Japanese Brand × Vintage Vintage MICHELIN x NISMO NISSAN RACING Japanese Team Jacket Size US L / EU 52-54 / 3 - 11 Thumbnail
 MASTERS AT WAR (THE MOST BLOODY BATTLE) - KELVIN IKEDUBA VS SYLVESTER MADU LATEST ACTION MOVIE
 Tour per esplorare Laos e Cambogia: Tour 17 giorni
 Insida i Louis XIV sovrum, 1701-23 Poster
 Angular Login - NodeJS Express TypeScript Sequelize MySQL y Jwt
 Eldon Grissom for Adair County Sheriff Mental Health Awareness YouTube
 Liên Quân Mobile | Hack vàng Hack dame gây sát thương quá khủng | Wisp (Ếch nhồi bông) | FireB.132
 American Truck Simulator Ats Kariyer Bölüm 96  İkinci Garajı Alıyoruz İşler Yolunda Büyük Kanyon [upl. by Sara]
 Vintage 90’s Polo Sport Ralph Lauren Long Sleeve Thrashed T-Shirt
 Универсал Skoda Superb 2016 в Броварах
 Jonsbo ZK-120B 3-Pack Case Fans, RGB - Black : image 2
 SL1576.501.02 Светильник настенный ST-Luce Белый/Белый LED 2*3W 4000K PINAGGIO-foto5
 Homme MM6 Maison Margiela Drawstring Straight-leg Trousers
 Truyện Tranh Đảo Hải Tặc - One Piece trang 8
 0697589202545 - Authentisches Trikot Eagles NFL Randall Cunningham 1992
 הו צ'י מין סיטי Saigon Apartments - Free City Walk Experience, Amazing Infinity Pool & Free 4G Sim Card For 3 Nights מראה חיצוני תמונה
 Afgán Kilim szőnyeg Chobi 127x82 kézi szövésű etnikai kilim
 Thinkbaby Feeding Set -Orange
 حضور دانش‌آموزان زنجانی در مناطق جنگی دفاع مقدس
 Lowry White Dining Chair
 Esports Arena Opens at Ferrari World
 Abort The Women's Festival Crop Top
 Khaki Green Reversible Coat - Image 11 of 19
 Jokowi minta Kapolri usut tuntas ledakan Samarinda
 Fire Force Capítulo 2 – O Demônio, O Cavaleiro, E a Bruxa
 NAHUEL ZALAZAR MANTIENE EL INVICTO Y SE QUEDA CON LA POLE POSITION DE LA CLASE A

━━━━━━━━━━

**What is needed:** When you output the entries, keep every word exactly as it stands.

**Completed task:**
Japanese Brand × Vintage Vintage MICHELIN x NISMO NISSAN RACING Japanese Team Jacket Size US L / EU 52-54 / 3 - 11 Thumbnail
 MASTERS AT WAR (THE MOST BLOODY BATTLE) - KELVIN IKEDUBA VS SYLVESTER MADU LATEST ACTION MOVIE
 Tour per esplorare Laos e Cambogia: Tour 17 giorni
 Insida i Louis XIV sovrum, 1701-23 Poster
 Angular Login - NodeJS Express TypeScript Sequelize MySQL y Jwt
 Eldon Grissom for Adair County Sheriff Mental Health Awareness YouTube
 Liên Quân Mobile | Hack vàng Hack dame gây sát thương quá khủng | Wisp (Ếch nhồi bông) | FireB.132
 American Truck Simulator Ats Kariyer Bölüm 96  İkinci Garajı Alıyoruz İşler Yolunda Büyük Kanyon [upl. by Sara]
 Vintage 90’s Polo Sport Ralph Lauren Long Sleeve Thrashed T-Shirt
 Универсал Skoda Superb 2016 в Броварах
 Jonsbo ZK-120B 3-Pack Case Fans, RGB - Black : image 2
 SL1576.501.02 Светильник настенный ST-Luce Белый/Белый LED 2*3W 4000K PINAGGIO-foto5
 Homme MM6 Maison Margiela Drawstring Straight-leg Trousers
 Truyện Tranh Đảo Hải Tặc - One Piece trang 8
 0697589202545 - Authentisches Trikot Eagles NFL Randall Cunningham 1992
 הו צ'י מין סיטי Saigon Apartments - Free City Walk Experience, Amazing Infinity Pool & Free 4G Sim Card For 3 Nights מראה חיצוני תמונה
 Afgán Kilim szőnyeg Chobi 127x82 kézi szövésű etnikai kilim
 Thinkbaby Feeding Set -Orange
 حضور دانش‌آموزان زنجانی در مناطق جنگی دفاع مقدس
 Lowry White Dining Chair
 Esports Arena Opens at Ferrari World
 Abort The Women's Festival Crop Top
 Khaki Green Reversible Coat - Image 11 of 19
 Jokowi minta Kapolri usut tuntas ledakan Samarinda
 Fire Force Capítulo 2 – O Demônio, O Cavaleiro, E a Bruxa
 NAHUEL ZALAZAR MANTIENE EL INVICTO Y SE QUEDA CON LA POLE POSITION DE LA CLASE A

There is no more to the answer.